Dişlere zarar veren 6 alışkanlık!
Ağız ve diş sağlığını bozan diş çürükleri ile diş eti hastalıkları ülkemizde ve dünya genelinde nezleden sonra en yaygın görülen hastalıklar arasında ikinci sırada yer alıyor.
Ülkemizde ne yazık ki ağız ve diş sağlığıyla ilgili veriler çok parlak değil. Öyle ki 35-44 yas¸ grubunda çürük, eksik veya dolgulu dişe sahip olma oranı yüzde 10,8 iken bu oran 65–74 yas¸ grubu arasında yüzde 25,8’e yükseliyor. Sağlıksız dişler ve diş etleri; başta kalp, böbrek ile mide olmak üzere organları da olumsuz yönde etkiliyor, diyabet ile mide ülseri gibi kronik hastalıkları tetikleyebiliyor. Hamilelerde erken doğum, düşük ve düşük kilolu bebek riskini artırıyor. Dolayısıyla sağlıklı diş ve diş etlerine sahip olmak tüm sağlığımızı korumak adına çok önemli. Dişlerimizin hasar görmesine yol açan en önemli etken ise günlük hayatımızda sıkça yapılan hatalar.
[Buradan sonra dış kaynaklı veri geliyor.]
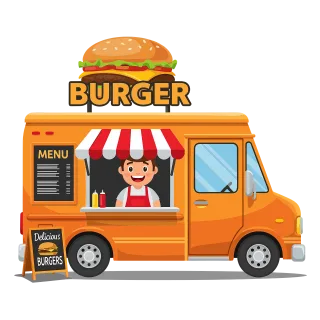 Burger Foodtruck Street food Stickdatei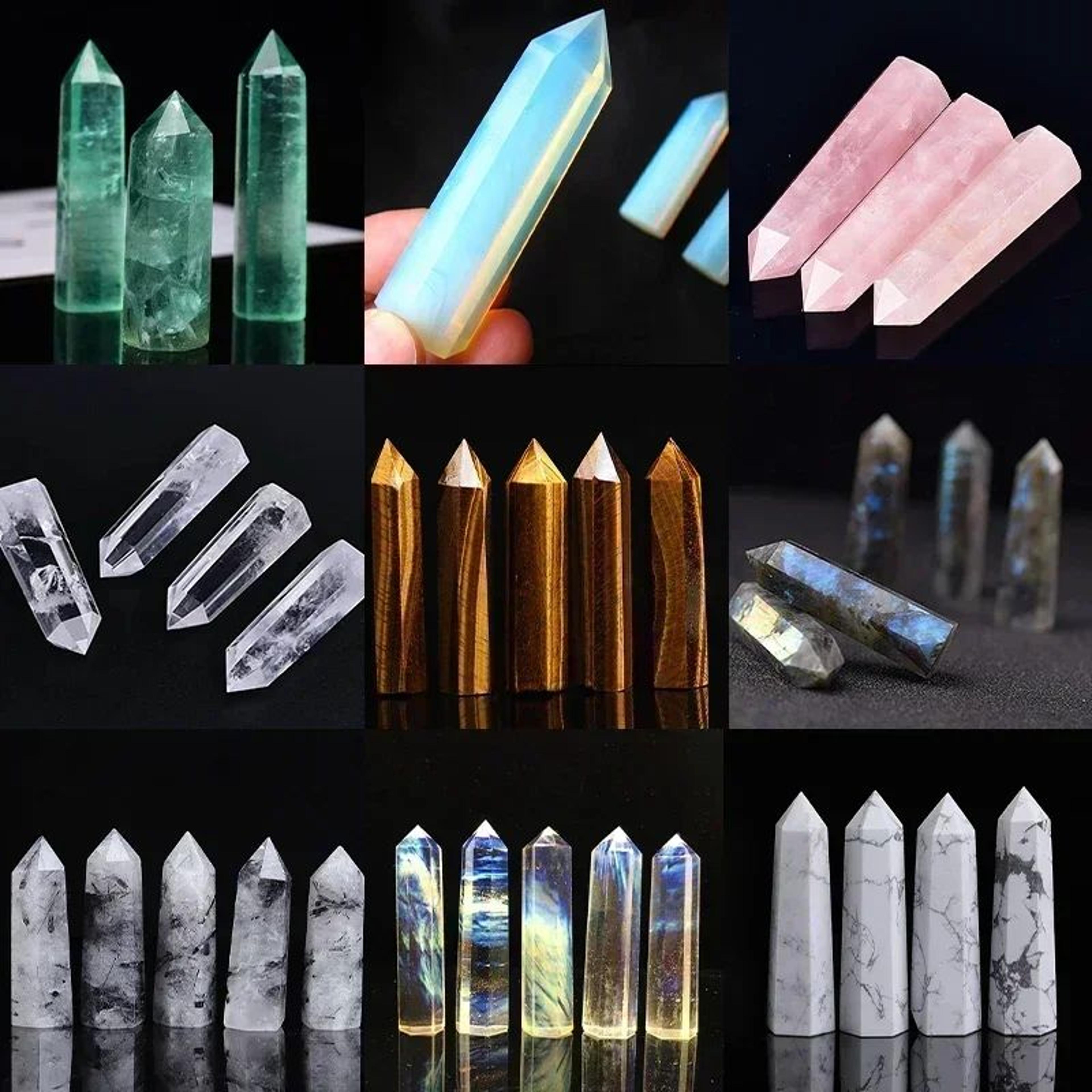 Natural Crystal Obelisk Wand  Rose Quartz  Amethyst Healing Point For Reiki  Home Decor 1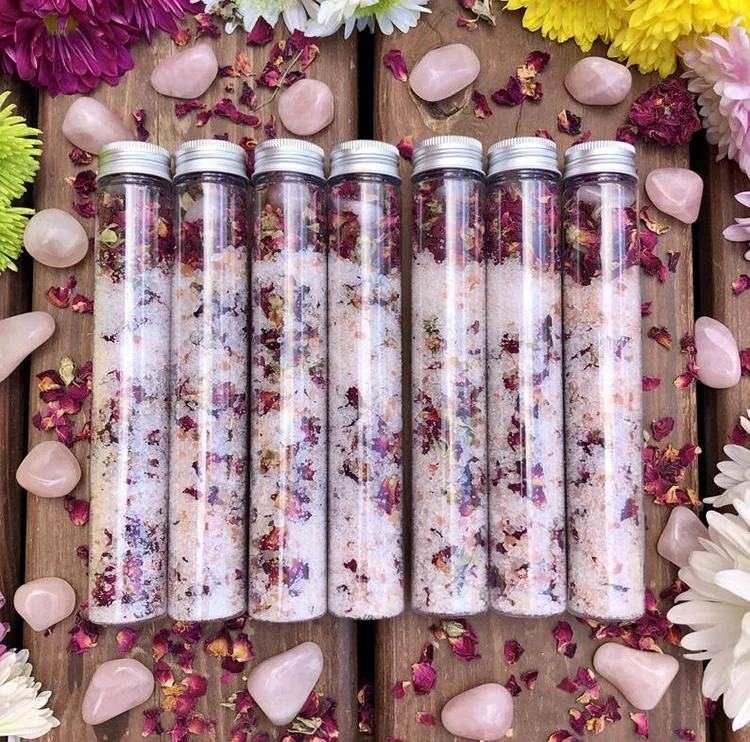 Luxury wholesale custom private label rose natural organic lavender himalayan cbd flower bath salt tubes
Acıbadem Maslak Hastanesi Ağız ve Diş Sağlığı Uzmanı Dt. Kübel Özkut, dişlere zarar veren alışkanlıkları anlatarak şu önerilerde bulundu:
Dişleri alet olarak kullanmak: Dişleri alet olarak kullanmak sıkça yaptığımız hatalı alışkanlıklarımızdan. Dişleri paketleri açmak, etiket koparmak ve çeşitli şişelerin açılmasında kullanmak dişlerde travmaya, incelmiş diş kenarlarında kopmalara, varsa protezlerin çıkmasına ve kırılmasına yol açabiliyor.
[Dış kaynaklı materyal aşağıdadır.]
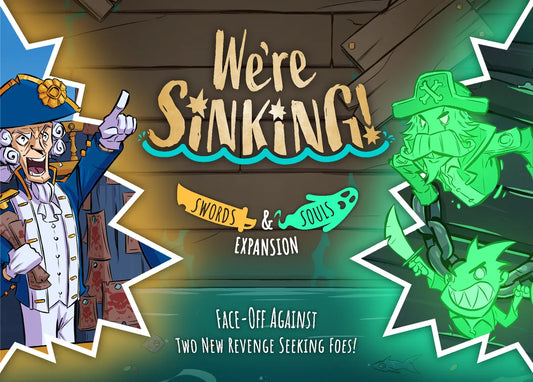 Promotional graphic for 'We're Sinking!' expansion with characters and text on a wooden background.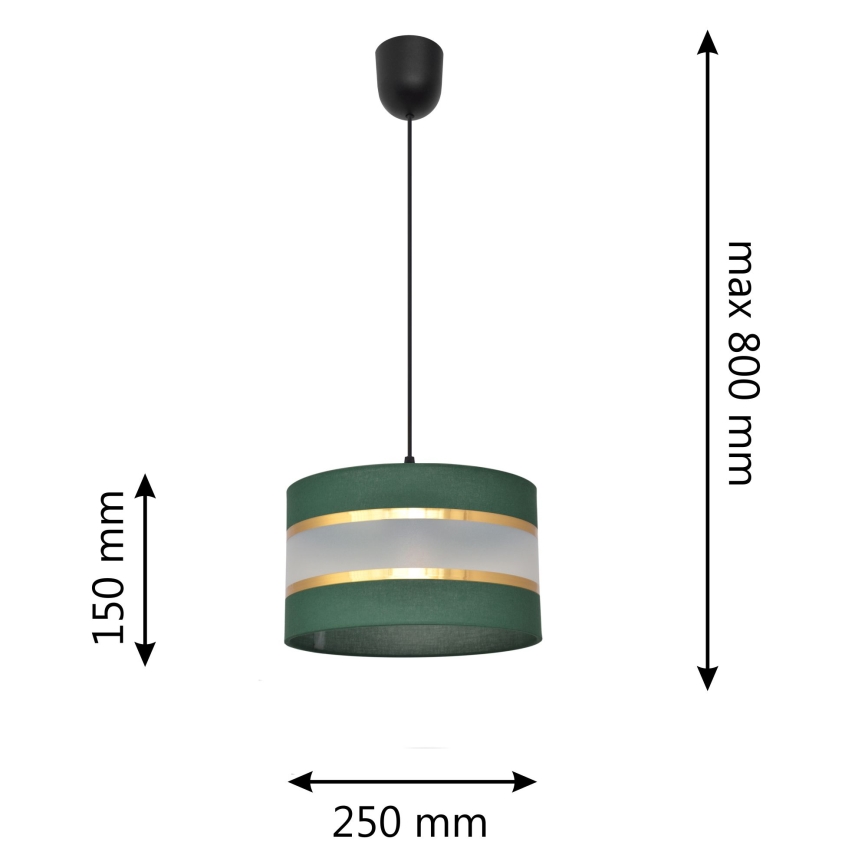 Hanglamp aan een koord HELEN 1xE27/60W/230V diameter 25 cm groen/goud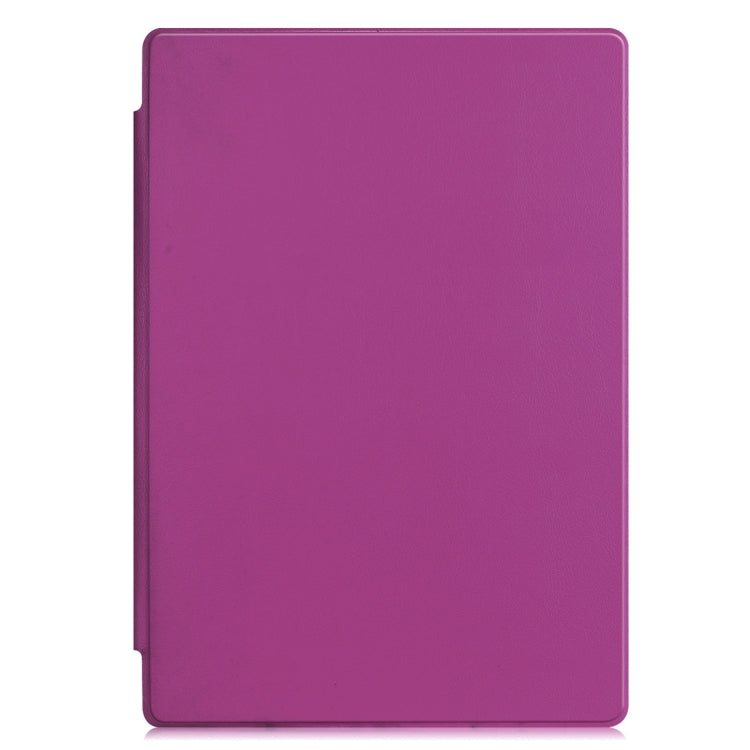Custer Texture Horizontal Flip PU Leather Case for Microsoft Surface Pro 4 / 5 / 6 / 7 12.3 inch, with Holder & Pen Slot(Purple)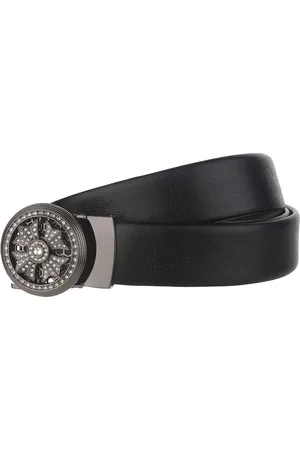 Mast & Harbour Men Black Textured Synthetic Leather Casual Belt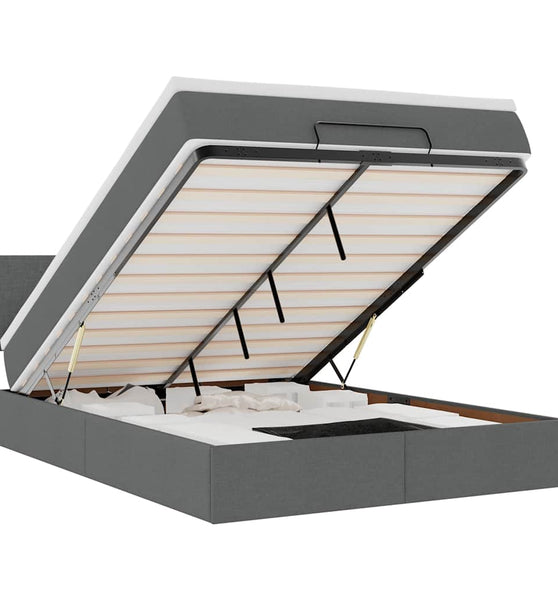 Ottomane Bett mit Matratze & LEDs Dunkelgrau 140x200 cm Stoff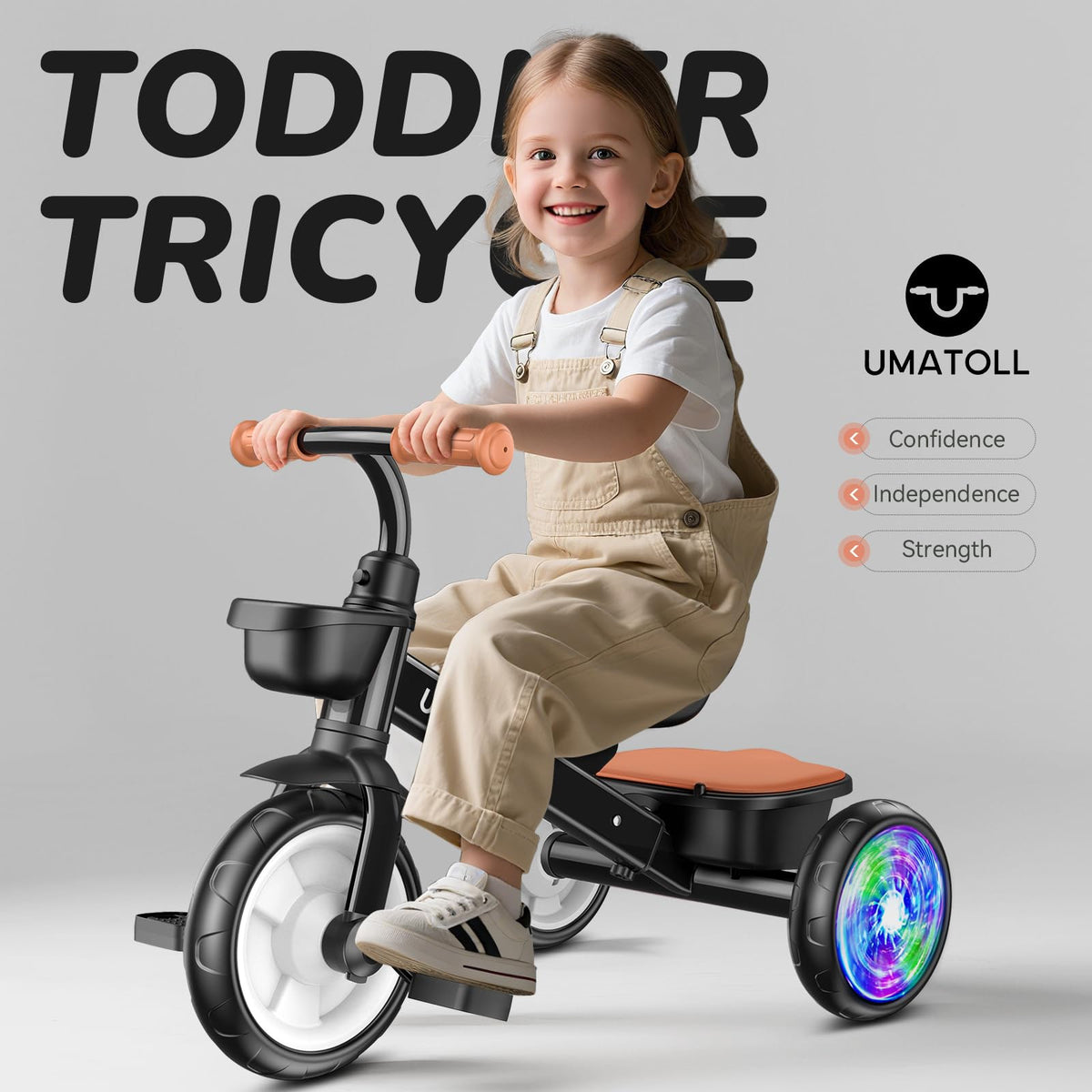 Umatoll tricycle features extended rear wheels for a more stable ride.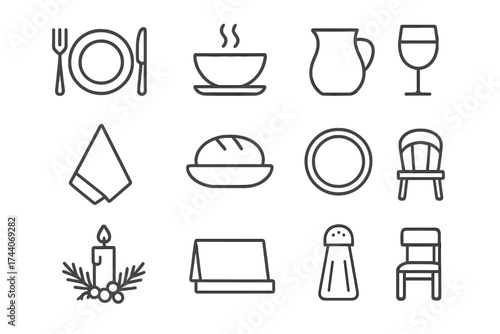 Thanksgiving Table Icons. Line style icons of Thanksgiving table setting: plate, fork and knife, soup bowl, wine glass; napkin,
Dişleri sıkmak ve gıcırdatmak: Dişleri sıkmak ve gıcırdatmak genellikle strese bağlı yapılan yaygın bir alışkanlık. Özellikle gece uykuda şiddeti artan diş sıkma ve gıcırdatma dişlerde aşınmalara, dişeti çekilmelerine ve kök-kuron birleşim bölgesinde diş maddesi kaybına sebep oluyor. Bir süre sonra dişlerde oluşan bu ciddi madde kayıpları dişlerde hassasiyete yol açabiliyor. Dişlerin sıkılması çene eklemi ve çevre dokularını da olumsuz yönde etkiliyor ve kasların spazmıyla beraber baş boyun bölgesinde ağrılara neden olabiliyor.
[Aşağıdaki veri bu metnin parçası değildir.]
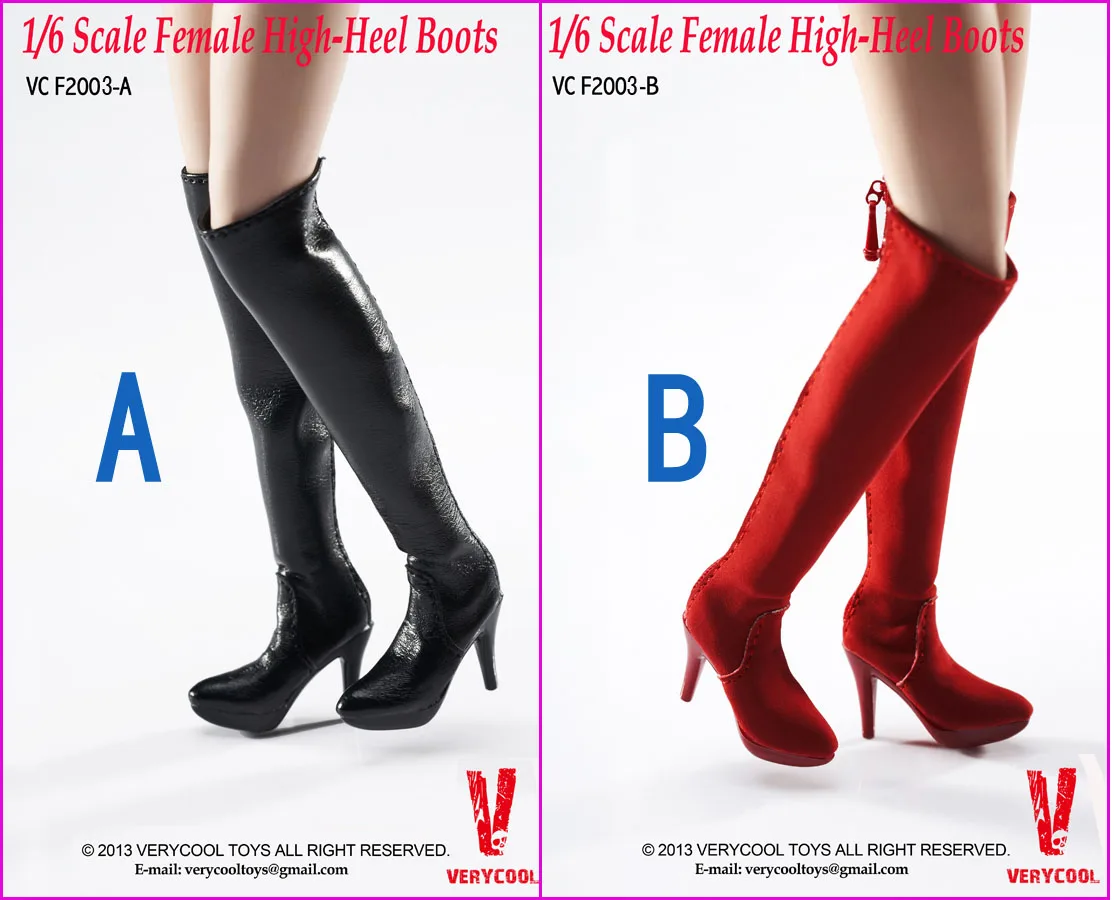 VERYCOOL 1/6 Female Black Zipper High Heel Boots Shoes F 12'' VERYCOOL Figure 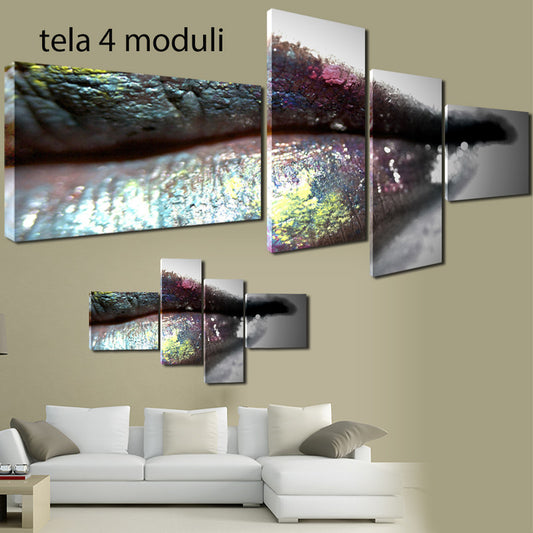 QUADRI MODERNI TELA 170X70 4PZ    LABBRA LIPS WOMEN ARREDO CENTRO ESTETICO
Şeker yemek: Aşırı veya sık aralıklarla tüketilen şeker ve fermante olan karbonhidratlar diş sağlığını olumsuz yönde etkiliyor. Şekerin yenmesiyle ağızda oluşan asidik ortam dişlerin yüzeyinde çözülmeye neden olabiliyor. Diş dokusundaki bu yumuşamalar da çürüklere yol açabiliyor. Bu nedenle şekersiz sakızın tercih edilmesi, suni meyve suyu ve konsantre içecekler yerine doğal meyve suyunun tercih edilmesinde fayda var.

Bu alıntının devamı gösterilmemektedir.